What you are asked to do: The answer must consist of every line in the data below that holds the word "TFSI".

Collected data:
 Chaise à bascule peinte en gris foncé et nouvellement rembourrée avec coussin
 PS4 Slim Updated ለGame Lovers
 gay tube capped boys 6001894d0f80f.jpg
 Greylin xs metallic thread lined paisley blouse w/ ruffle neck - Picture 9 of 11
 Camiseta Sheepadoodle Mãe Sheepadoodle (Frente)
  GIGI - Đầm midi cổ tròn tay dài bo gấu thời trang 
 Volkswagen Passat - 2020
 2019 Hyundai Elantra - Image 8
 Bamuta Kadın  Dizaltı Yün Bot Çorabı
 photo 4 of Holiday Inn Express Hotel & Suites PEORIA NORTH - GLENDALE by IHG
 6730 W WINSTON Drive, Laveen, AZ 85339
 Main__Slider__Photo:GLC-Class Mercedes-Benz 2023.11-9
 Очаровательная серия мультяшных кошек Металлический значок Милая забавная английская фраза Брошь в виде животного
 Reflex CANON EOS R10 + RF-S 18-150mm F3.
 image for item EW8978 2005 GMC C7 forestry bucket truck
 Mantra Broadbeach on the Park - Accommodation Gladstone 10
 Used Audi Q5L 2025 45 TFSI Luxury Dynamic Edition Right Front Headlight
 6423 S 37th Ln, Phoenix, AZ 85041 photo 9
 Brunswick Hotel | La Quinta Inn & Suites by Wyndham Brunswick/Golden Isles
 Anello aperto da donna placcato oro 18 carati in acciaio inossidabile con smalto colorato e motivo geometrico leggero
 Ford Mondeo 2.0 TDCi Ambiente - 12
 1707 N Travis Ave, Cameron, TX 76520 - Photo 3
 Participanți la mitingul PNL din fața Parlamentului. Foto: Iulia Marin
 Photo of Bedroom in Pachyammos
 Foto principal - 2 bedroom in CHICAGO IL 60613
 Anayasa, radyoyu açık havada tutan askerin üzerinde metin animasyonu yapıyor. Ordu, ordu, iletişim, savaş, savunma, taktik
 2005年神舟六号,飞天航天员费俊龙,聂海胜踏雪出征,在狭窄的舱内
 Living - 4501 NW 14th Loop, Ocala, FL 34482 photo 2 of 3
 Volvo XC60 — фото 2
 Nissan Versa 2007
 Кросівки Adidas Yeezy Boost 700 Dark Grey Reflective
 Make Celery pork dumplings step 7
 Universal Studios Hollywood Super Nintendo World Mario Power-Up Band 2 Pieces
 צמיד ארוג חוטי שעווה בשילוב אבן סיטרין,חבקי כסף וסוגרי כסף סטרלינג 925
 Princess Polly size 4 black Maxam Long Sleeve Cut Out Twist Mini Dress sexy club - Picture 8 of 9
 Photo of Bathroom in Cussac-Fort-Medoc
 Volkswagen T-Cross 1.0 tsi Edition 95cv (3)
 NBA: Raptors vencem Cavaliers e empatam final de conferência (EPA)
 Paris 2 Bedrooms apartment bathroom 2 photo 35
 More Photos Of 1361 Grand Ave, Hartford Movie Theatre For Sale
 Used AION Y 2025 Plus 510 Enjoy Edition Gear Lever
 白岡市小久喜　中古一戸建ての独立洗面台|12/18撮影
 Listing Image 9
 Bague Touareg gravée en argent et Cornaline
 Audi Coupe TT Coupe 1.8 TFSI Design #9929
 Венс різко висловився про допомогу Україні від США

Written answer:
 Used Audi Q5L 2025 45 TFSI Luxury Dynamic Edition Right Front Headlight
 Audi Coupe TT Coupe 1.8 TFSI Design #9929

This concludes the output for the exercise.